Task prompt:
Word for word, write the lines below out again, with no pictures.

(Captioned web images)
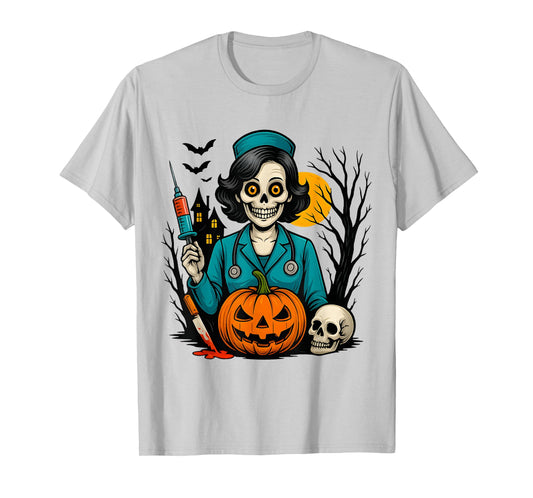 Creepy Skeleton Nurse Halloween Costume for Horror Fans T-Shirt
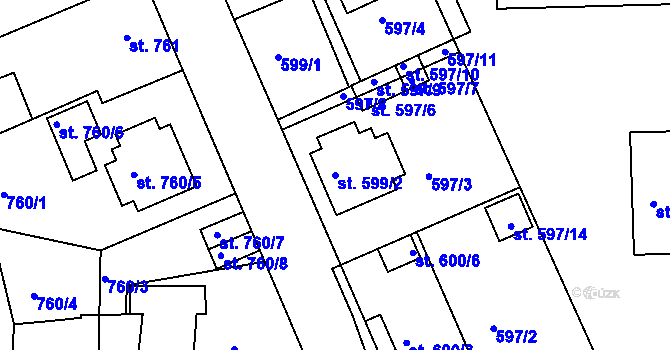 Parcela st. 599/2 v KÚ Bechyně, Katastrální mapa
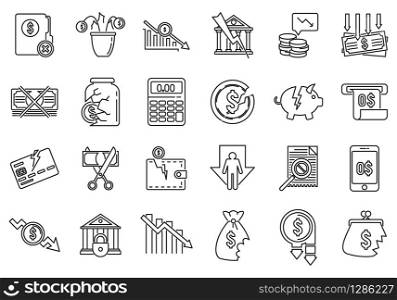 Bankrupt business icons set. Outline set of bankrupt business vector icons for web design isolated on white background. Bankrupt business icon set, outline style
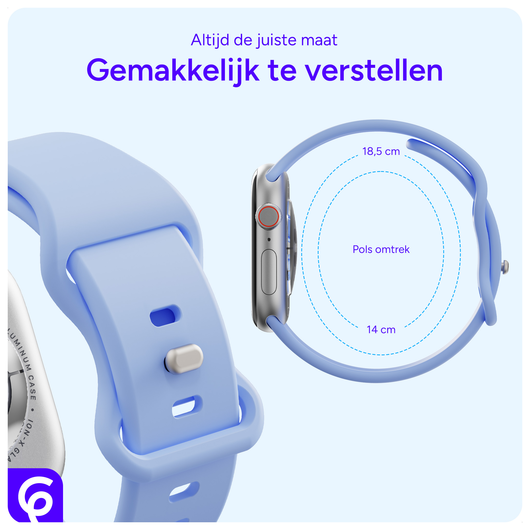 SBG Siliconen - Apple Watch Bandje - 1-11/SE - 38/40/41/42MM - Licht Paars afbeelding 5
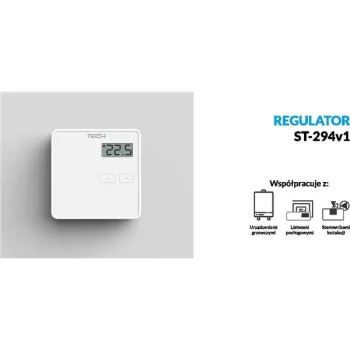 Przewodowy  dwustanowy regulator pokojowy Czarny ST-294v1 Tech sterowniki-1258449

Answer space:
 Creepy Skeleton Nurse Halloween Costume for Horror Fans T-Shirt
 Parcela st. 599/2 v KÚ Bechyně, Katastrální mapa
 Bankrupt business icons set. Outline set of bankrupt business vector icons for web design isolated on white background. Bankrupt business icon set, outline style
 SBG Siliconen - Apple Watch Bandje - 1-11/SE - 38/40/41/42MM - Licht Paars afbeelding 5
 Przewodowy  dwustanowy regulator pokojowy Czarny ST-294v1 Tech sterowniki-1258449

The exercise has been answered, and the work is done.